──────── DATA SHOWN ────────
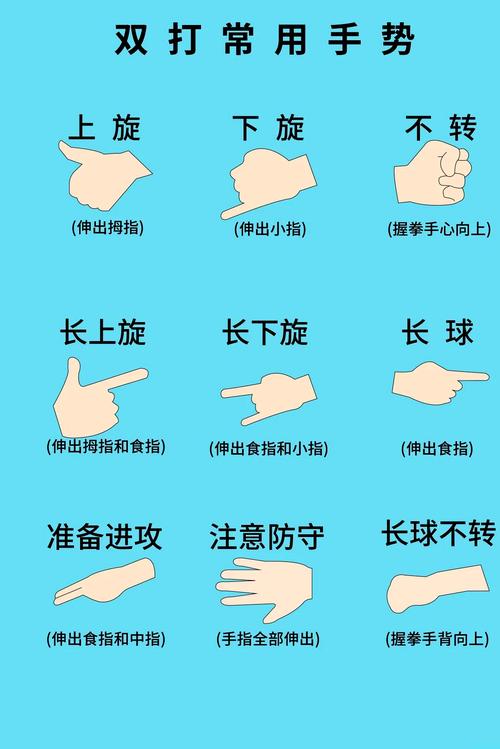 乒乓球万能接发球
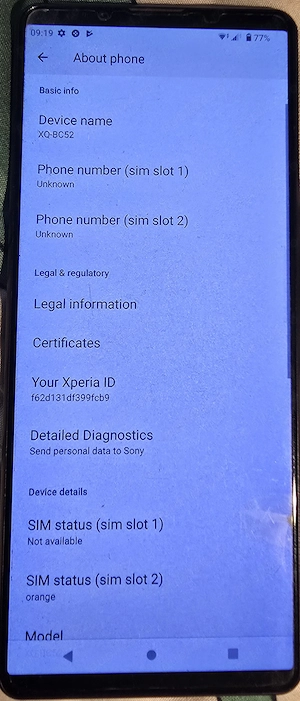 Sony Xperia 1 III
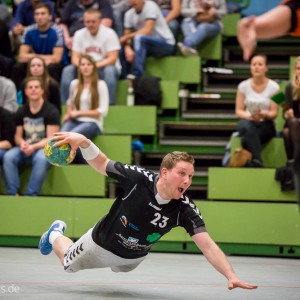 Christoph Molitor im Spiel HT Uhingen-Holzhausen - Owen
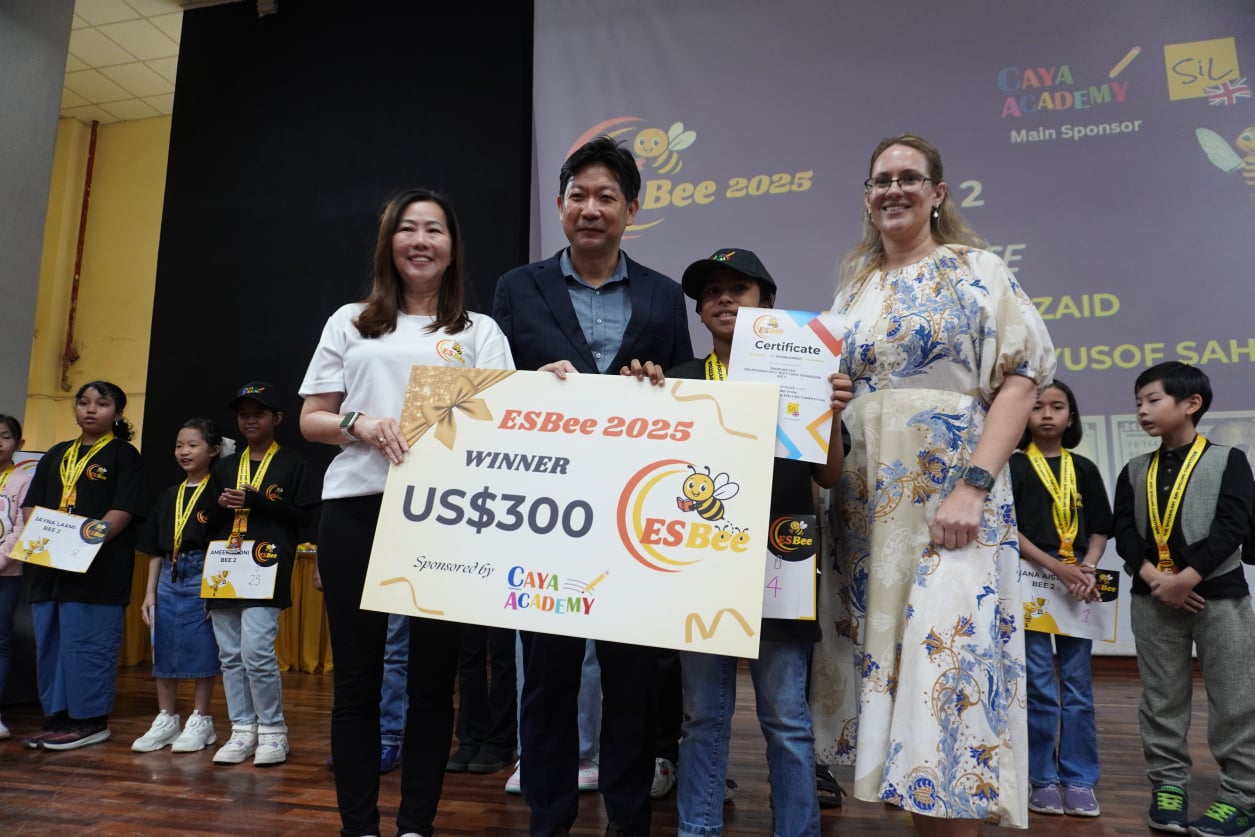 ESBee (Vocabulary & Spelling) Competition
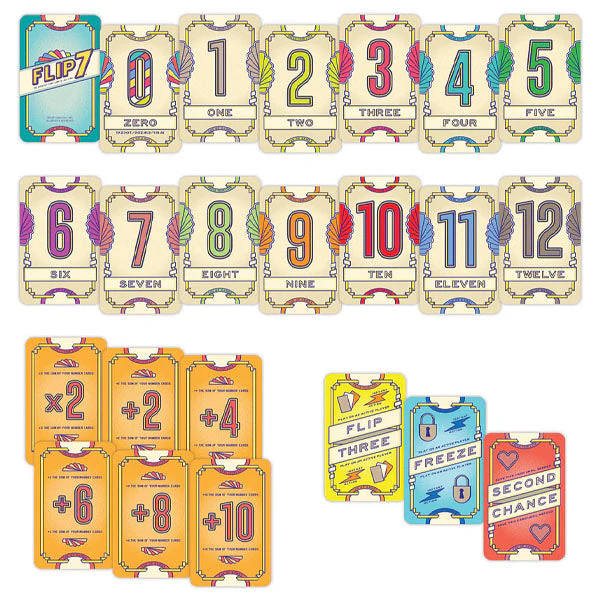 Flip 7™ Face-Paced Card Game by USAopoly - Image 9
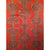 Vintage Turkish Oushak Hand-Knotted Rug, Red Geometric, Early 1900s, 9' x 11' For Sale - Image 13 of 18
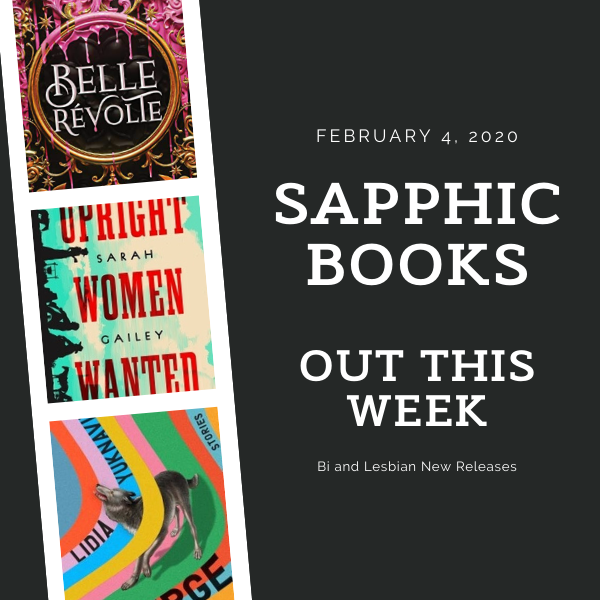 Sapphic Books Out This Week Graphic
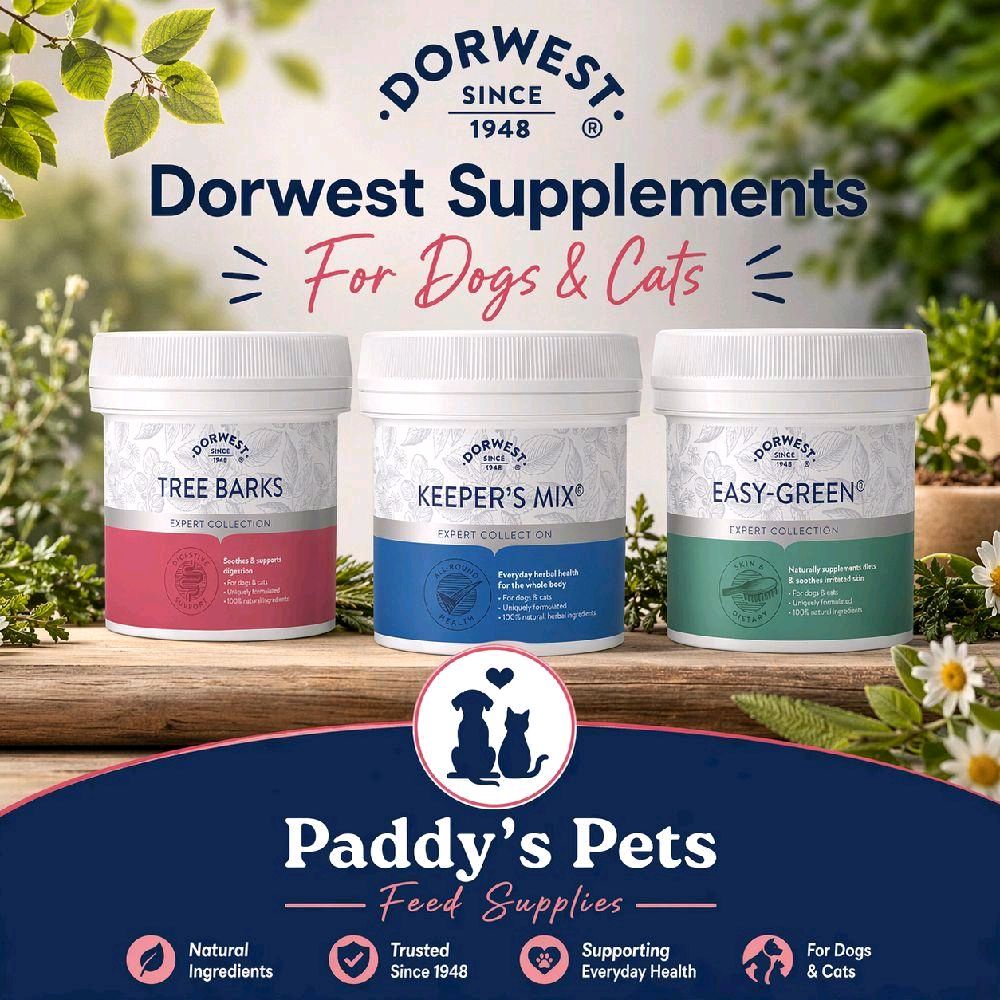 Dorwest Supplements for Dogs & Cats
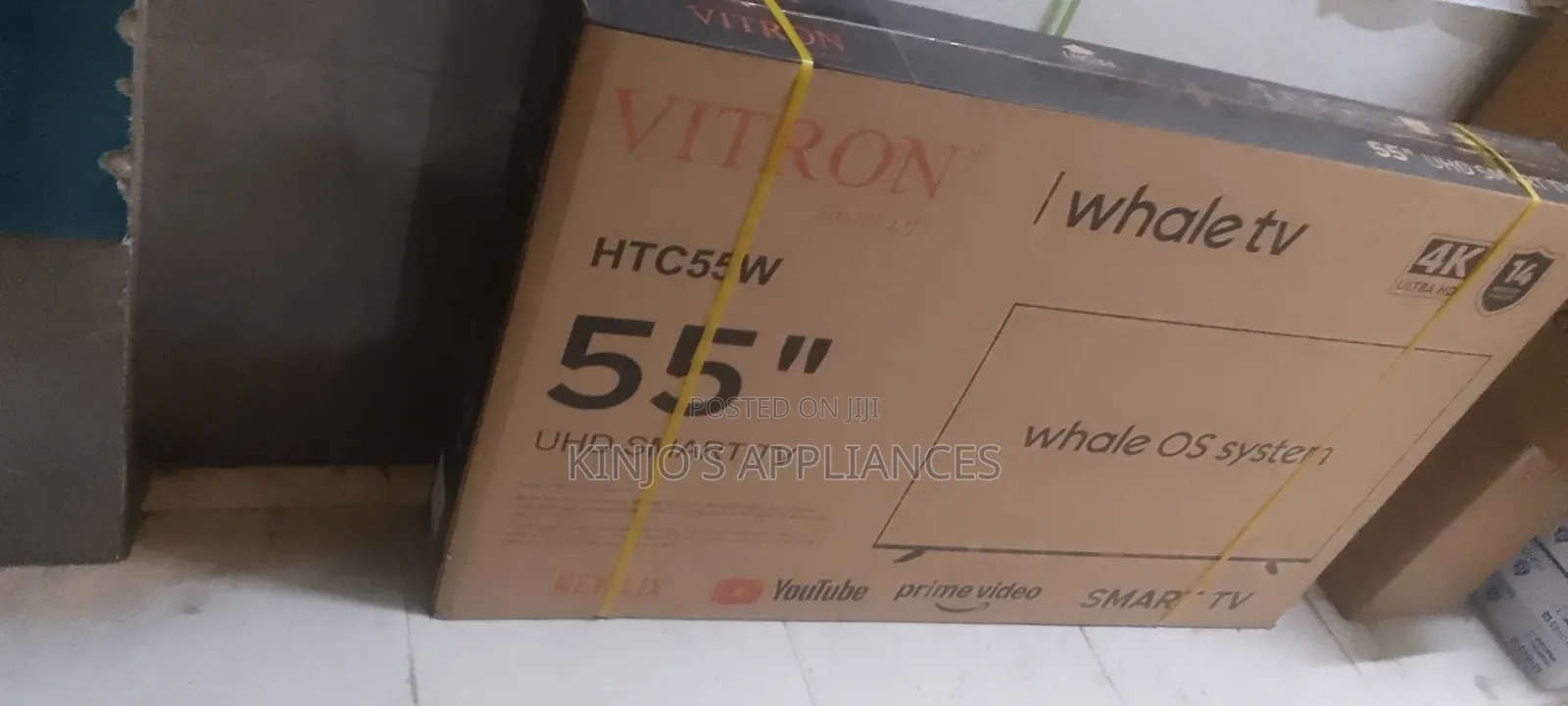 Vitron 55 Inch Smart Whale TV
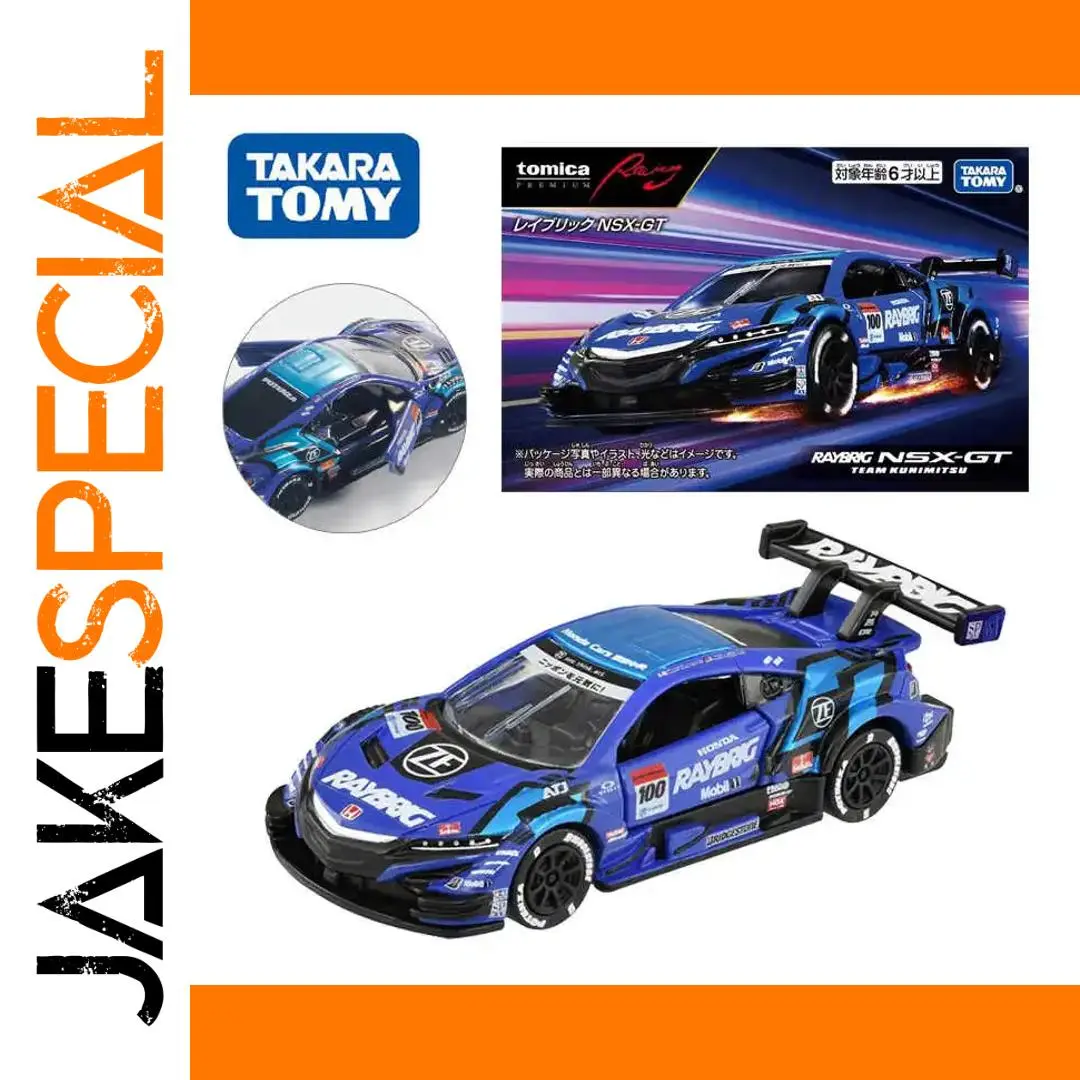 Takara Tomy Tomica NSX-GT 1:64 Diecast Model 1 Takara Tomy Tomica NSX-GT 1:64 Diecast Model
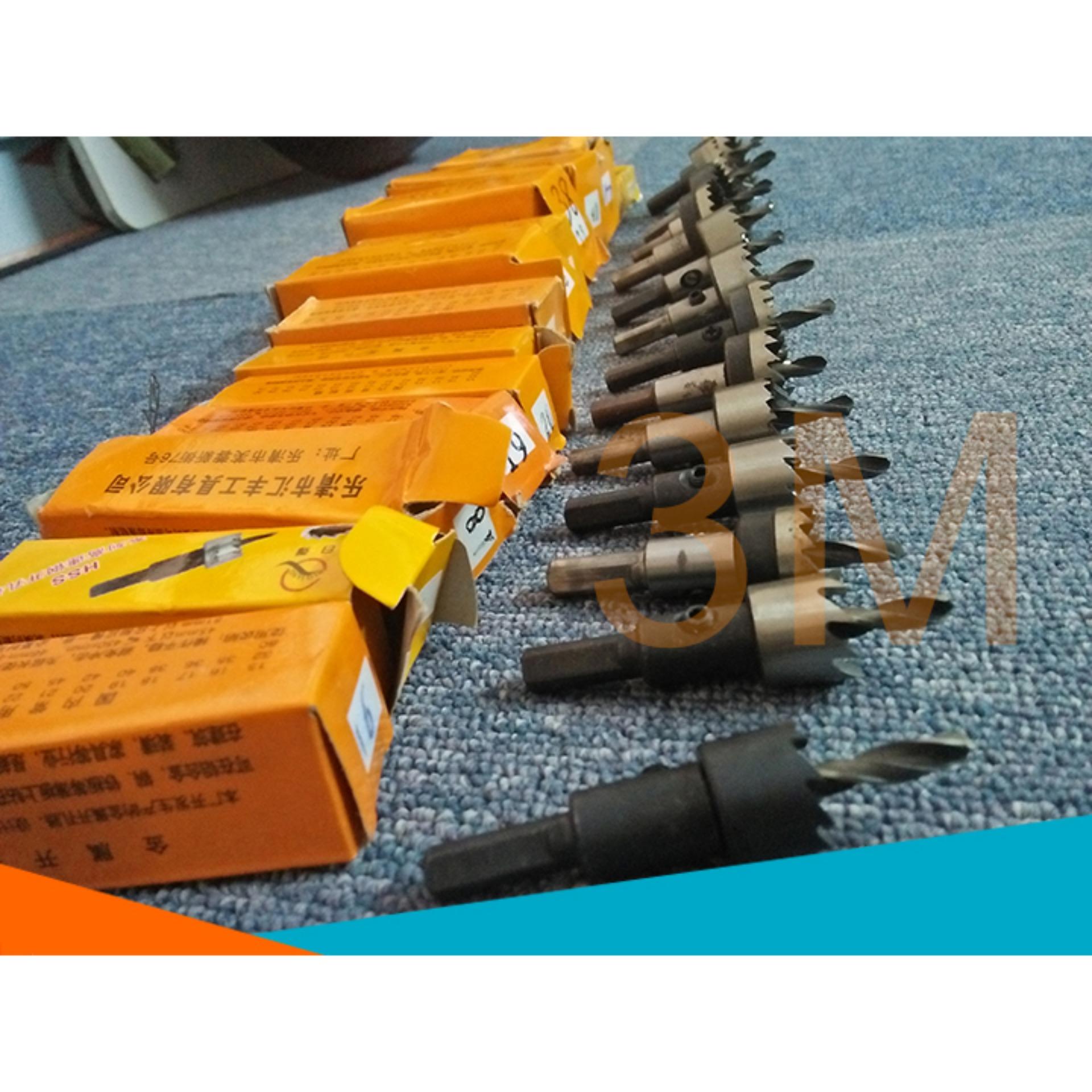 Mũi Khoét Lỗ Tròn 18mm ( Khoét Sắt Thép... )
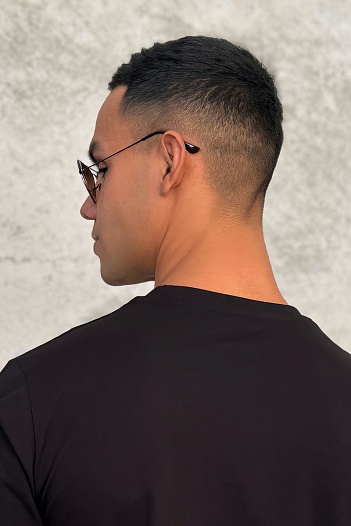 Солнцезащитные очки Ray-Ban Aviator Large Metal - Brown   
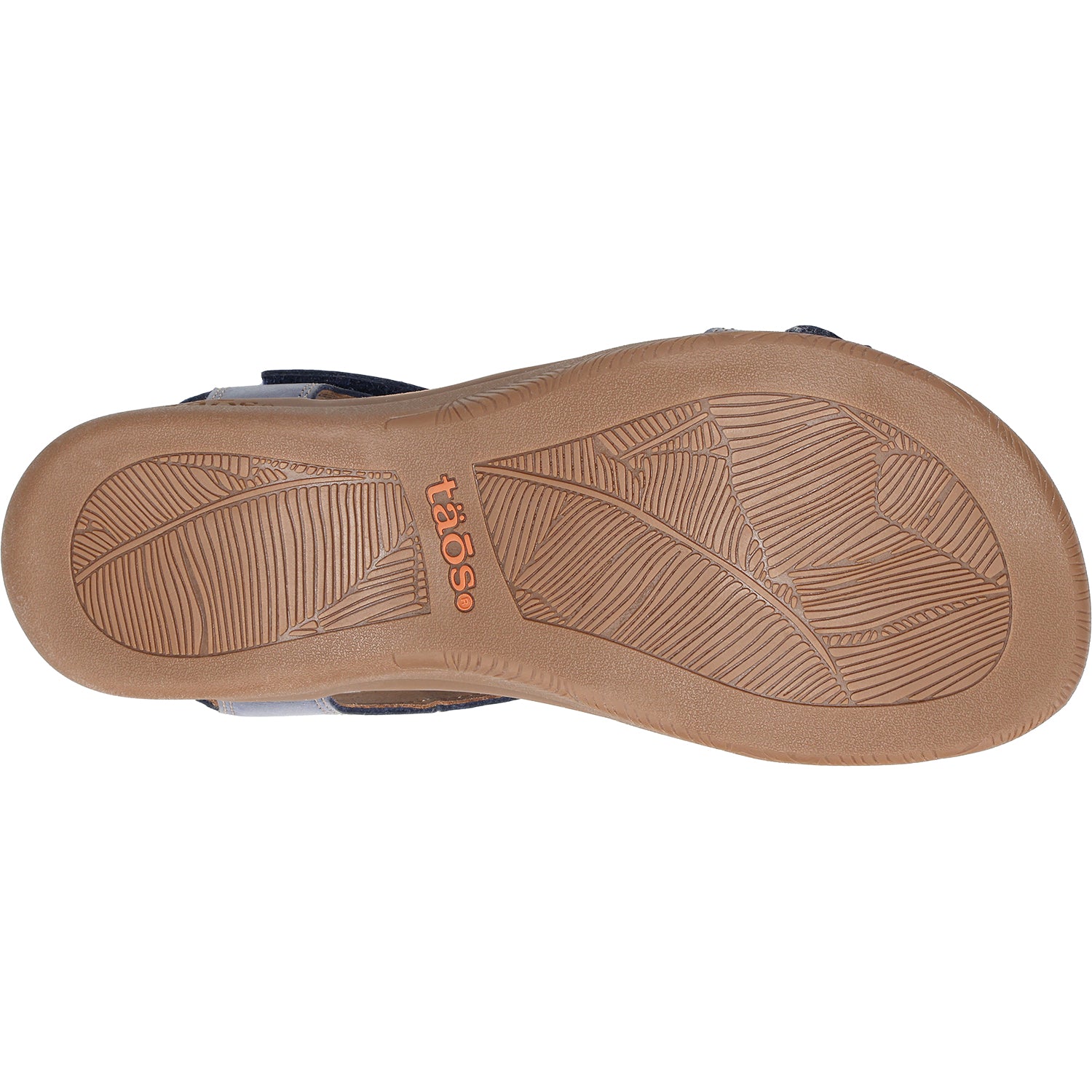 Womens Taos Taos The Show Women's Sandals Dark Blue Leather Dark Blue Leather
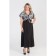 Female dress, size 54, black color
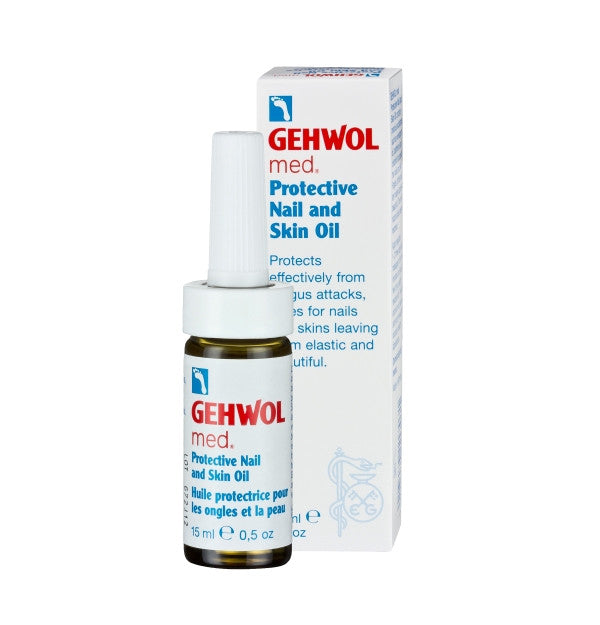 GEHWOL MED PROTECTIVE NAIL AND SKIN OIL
────────
→ YOUR ASSIGNMENT: Repeat nothing but the lines from the one containing "ESBee (Vocabulary & Spelling) Competition" through the last line of the listing, both included, exactly as written, and omit any picture.

→ SOLUTION TO THE EXERCISE:
 ESBee (Vocabulary & Spelling) Competition
 Flip 7™ Face-Paced Card Game by USAopoly - Image 9
 Vintage Turkish Oushak Hand-Knotted Rug, Red Geometric, Early 1900s, 9' x 11' For Sale - Image 13 of 18
 Sapphic Books Out This Week Graphic
 Dorwest Supplements for Dogs & Cats
 Vitron 55 Inch Smart Whale TV
 Takara Tomy Tomica NSX-GT 1:64 Diecast Model 1 Takara Tomy Tomica NSX-GT 1:64 Diecast Model
 Mũi Khoét Lỗ Tròn 18mm ( Khoét Sắt Thép... )
 Солнцезащитные очки Ray-Ban Aviator Large Metal - Brown   
 Womens Taos Taos The Show Women's Sandals Dark Blue Leather Dark Blue Leather
 Female dress, size 54, black color
 GEHWOL MED PROTECTIVE NAIL AND SKIN OIL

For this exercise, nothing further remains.